# Just did my VW's first brake job



## commanderb94 (Mar 16, 2008)

*VW brake job with Duralast Gold Pads & Rotors*

I was pretty impatient trying to get it done late friday evening. It didn't come to mind feeling stupid sitting out on a dead end street trying to get it done as it really doesn't take long. Saturday morning came and I tried it a second time. I jacked up the car with my 2 ton jack and used a new pair of Duralast 2ton jacks to support the car. To be able to move the steering rack freely I had to leave the keys in the ignition and turn on setting. To my surprise I was using the wrong wrench! This explains why the wrench slipped a few times. The MK4 2002 GTI 1.8T uses two 18mm caliper bracket mount screws. I didn't bother removing the sliders as I didn't have the correct tool. While I was at it I decided the stock calipers were kinda dull. At the moment money is being saved for performance and cosmetic goodies for the car. It came to mind that there was a can of high heat resistant paint in the closet that was used to paint an intake for my Escort ZX2 (pain in the ass car). While cleaning the calipers and braket the rotors went on. Then carefully putting on the caliper (not fully dry) the other side was worked on. Overall I was out for a couple hours just enjoying the weather and the peace. Shortly after finishing I noticed the power windows, doorlocks, and the sound to notify the driver of an open door wasn't working! Nor was the dome lights! I whipped out my fuse tester tool and after reading the diagram to isolate the trouble it turned out to be the 10amp fuse for the dome light! That tiny little sucker was the whole culprit!! Replace the fuse and all was well. Today, Easter Sunday, I am going to wash her again.
My car is an 2002 GTI. It has a little over 63 miles however when purchased I have extended warranty. Most would have bypassed this however upon reading the coverages thoroughly it's like receiving factory warranty all over again!

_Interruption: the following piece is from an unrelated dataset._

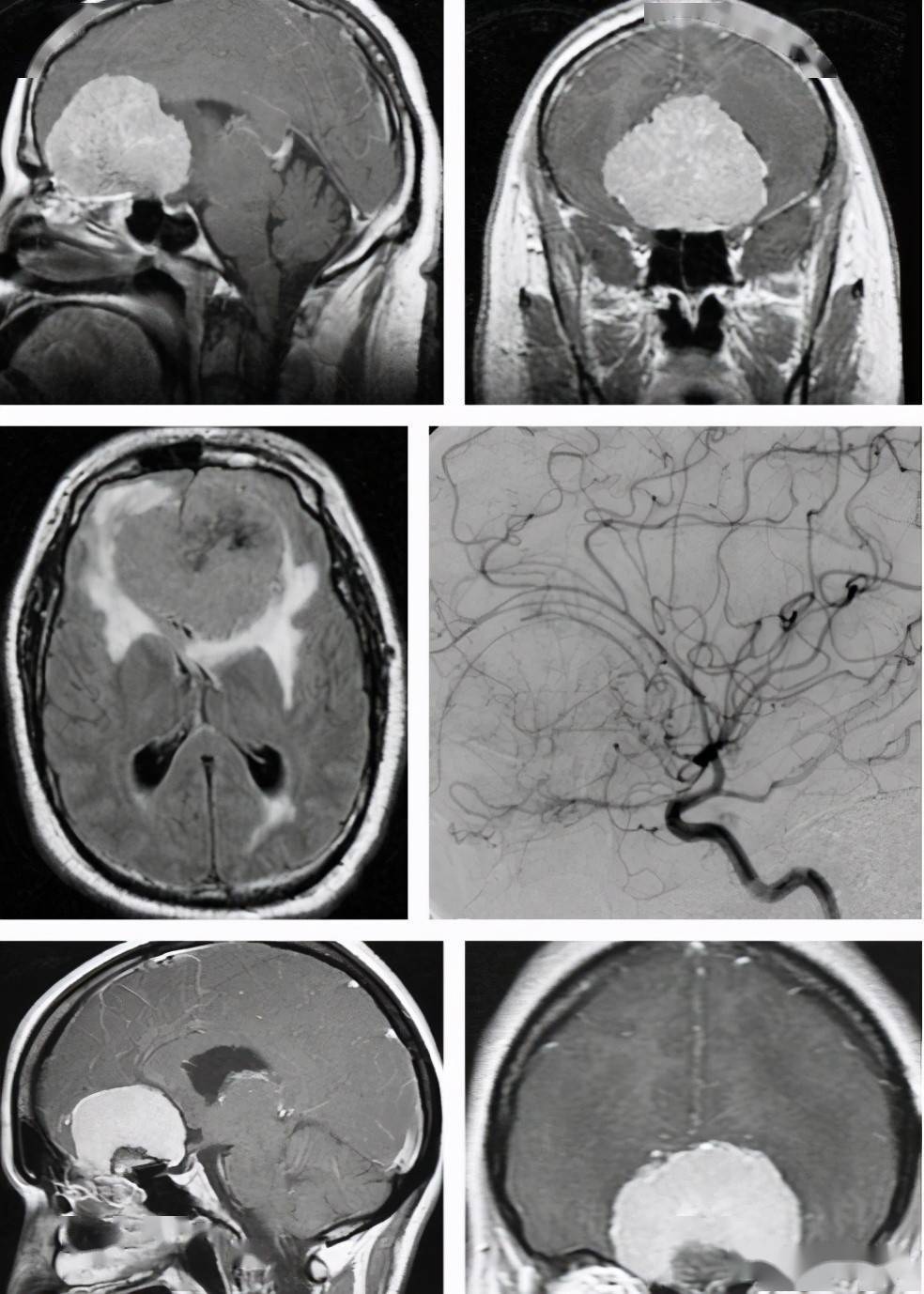 嗅沟脑膜瘤手术策略与技巧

I bought it with 46k miles for $9200. Original price was $500 more but there was some minor body damage and a stain on the seats. My timing belt and tensioner was serviced as everything else checked by the dealer seemed ok. I'm going to have it detailed once I get the money and then later on work on new rims and tires that were preselected from TireRack. While at it the stock ones will be sold. Tires still in excellent condition and rims just need a bit of cleaning. Anyway here she is







+








the crate was to sit on








































I purchased Duralast Gold A pads and Rotors from Autozone. I'm saving for the WilWood BBK later on down the road when I go to the track as I know what my car needs to suite my driving style. I did a run around the block to wear them in and they do feel much better than the OEM pads. BTW for anyone doing brakes on a car with a lot of miles WD40 is your friend!!! Spray some on the caliper bolts let it sit for a few minutes and you're good to go. Don't forget to torque your wheels when finished! Here are some stuff that I plan to get for my car in order:
-In Dash DVD/GPS receiver (Jensen or Clarion)
-Eibach Pro-Plus Kit Front and Rear (not sure if I should just get the kit that has new struts and springs instead minus the bars for only $200 more)
- Neuspeed Intercooler
-Sparco Drift Rims (possibly the black Drift rims or the Pista
-Hankook Ventus V12 evo K110 Blackwall



_Modified by commanderb94 at 8:51 AM 4-6-2010_


----------



## commanderb94 (Mar 16, 2008)

Yes I know the Calipers just look crappy with a heavy coat of Paint being I didn't use any Primer. It's just a temporary thing. A sales person tried to use the red painted calipers on the newer GTI as a way to get me to purchase one LOL.


----------



## spitpilot (Feb 14, 2000)

*Re: (commanderb94)*

Not smart to leave caliper sliding pins in and pull carriers! You should always clean and relube the caliper pins with every pad change!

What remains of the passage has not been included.